JAKARTA-Meski masih tetap mengalami tekanan yang cukup besar, perekonomian Indonesia tahun ini diprediksi lebih baik dibanding tahun 2015. Sektor konsumsi dan investasi tetap menjadi pendorong utama pertumbuhan ekonomi yang didukung oleh peningkatan belanja pemerintah, khususnya alokasi anggaran infrastruktur yang naik signifikan tahun ini.
“Ekonomi 2016 diprediksi akan lebih cerah, meski masih banyak risiko,” ujar Gubernur Bank Indonesia (BI) Agus Martowardojo kepada pers di Jakarta, kemarin (27/1). Pemerintah dan DPR sepakat menyusun asumsi makro dengan mematok pertumbuhan ekonomi di level 5,3 persen. Angka itu, di atas proyeksi ekonomi 2015 yang ditarget 4,7-4,8 persen.
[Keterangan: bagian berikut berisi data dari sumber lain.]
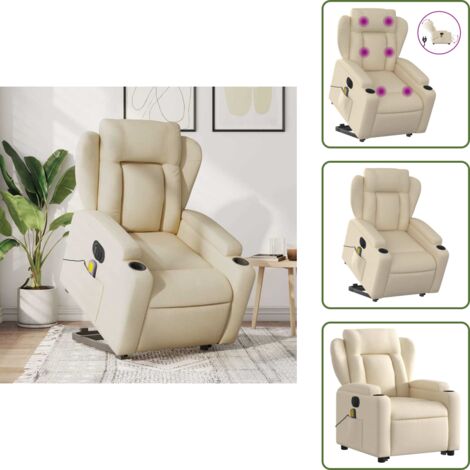The Living Store Poltrona Alzapersona Massaggiante Elettrica Crema in Tessuto - Massaggio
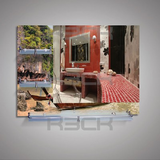 46786 КЗСК Зеркало 60х80см с полноцветом 3713 лодка + полка 60см с бортом + 2 полки 20см с бортом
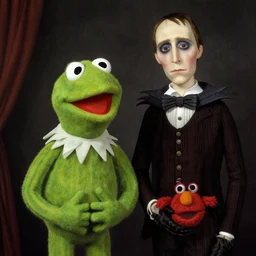 kermit and elmo in the style of american gothic by grant wood
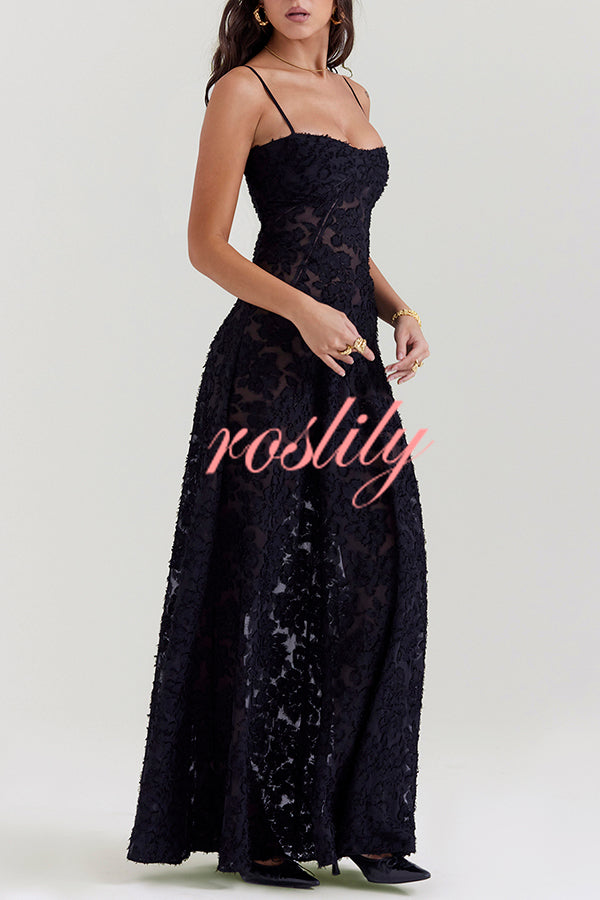 Romantic Vintage Feel Jacquard Fabric Back Lace-up Slip Floaty Maxi Dress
Menurutnya, naiknya belanja infrastruktur akan meningkatkan pergerakan perekonomian sehingga mendorong naiknya daya beli masyarakat. “Belanja negara, akan dorong perekonomian nasional. Memang pengaruhnya bergeser ke sisi fiskal, karena dibutuhkan tambahan pinjaman agar cepat dicairkan 2016. Ini pun akan mendorong konsumsi masyarakat dan swasta,\" jelasnya.
Tekanan pertumbuhan ekonomi akan muncul dari sisi ekspor. Ekonomi Tiongkok yang melambat menjadi penyebab turunnya ekspor, mengingat Negeri Panda itu merupakan mitra dagang utama Indonesia. “Perlambatan ekonomi Tiongkok akan menekan ekspor Indonesia, khususnya yang berbasis komoditas,” katanya.
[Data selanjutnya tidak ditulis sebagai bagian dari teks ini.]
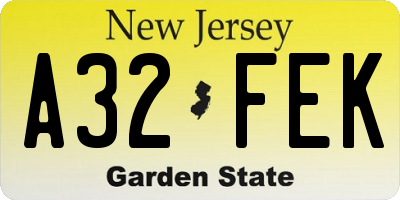 NJ license plate A32FEK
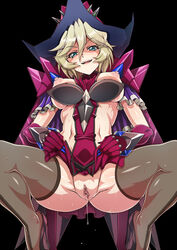 ass black_background black_legwear blonde_hair blue_eyes blush breasts breasts_out carol_malus_dienheim censored commentary_request elbow_gloves eyebrows_visible_through_hair female gloves hat highres large_breasts looking_at_viewer mole mole_under_eye mosaic_censoring naughty_face nipples no_panties older open_mouth presenting purple_gloves pussy pussy_juice senki_zesshou_symphogear shiny shiny_clothes shiny_hair shiny_skin short_hair shunzou side_cutout simple_background skirt skirt_lift smile solo spread_legs squatting thighhighs thighs witch_hat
Dari sisi transaksi berjalan, diperkirakan tetap terjaga dengan baik. Defisit masih akan berkisar pada level tiga terhadap PDB. Inflasi terkendali, seiring dengan penurunan harga minyak dan tercukupinya kebutuhan pangan di dalam negeri.
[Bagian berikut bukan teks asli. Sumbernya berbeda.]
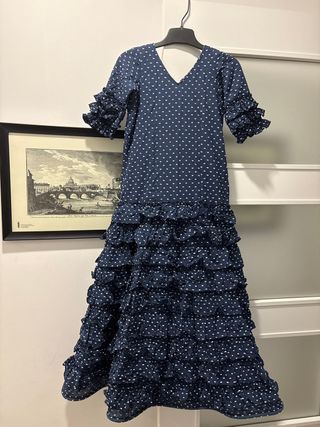 Traje de flamenca niña azul con lunares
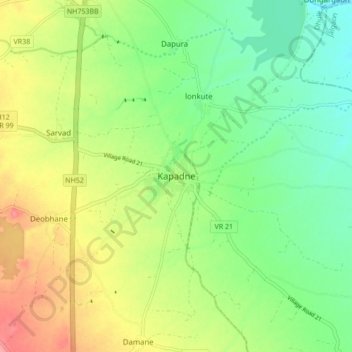 Topografische Karte Kapadne, Höhe, Relief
Pada bagian lain, Gubernur BI mengingatkan perusahaan nasional dengan jumlah utang luar negeri besar agar berhati-hati terhadap perekonomian yang masih terus berfluktuasi. “Utang luar negeri korporasi masih mengkhawatirkan dan rentan terhadap risiko global,” ungkap Agus.
Bila berkaca pada krisis 1997-1998, peningkatan utang luar negeri perusahaan menjadi salah satu risiko yang mengancam kondisi stabilitas keuangan dan perekonomian secara keseluruhan. Nilai tukar rupiah yang melemah tentu akan menambah berat pembayaran utang luar negeri dalam dolar.
Agus menjelaskan, isu global yang masih menjadi perhatian investor adalah terkait rencana kenaikan suku bunga acuan Bank Sentral Amerika Serikat (AS), yaitu Federal Reserve (The Fed), serta sentimen negatif akibat pelemahan ekonomi China.
“Isu naiknya Fed Fund Rate atau nada negatif Tiongkok memicu outflow dana, dan membebani mata uang termasuk rupiah,” ujarnya. Namun, Agus memastikan BI akan selalu berada di pasar untuk menjaga kestabilan nilai tukar.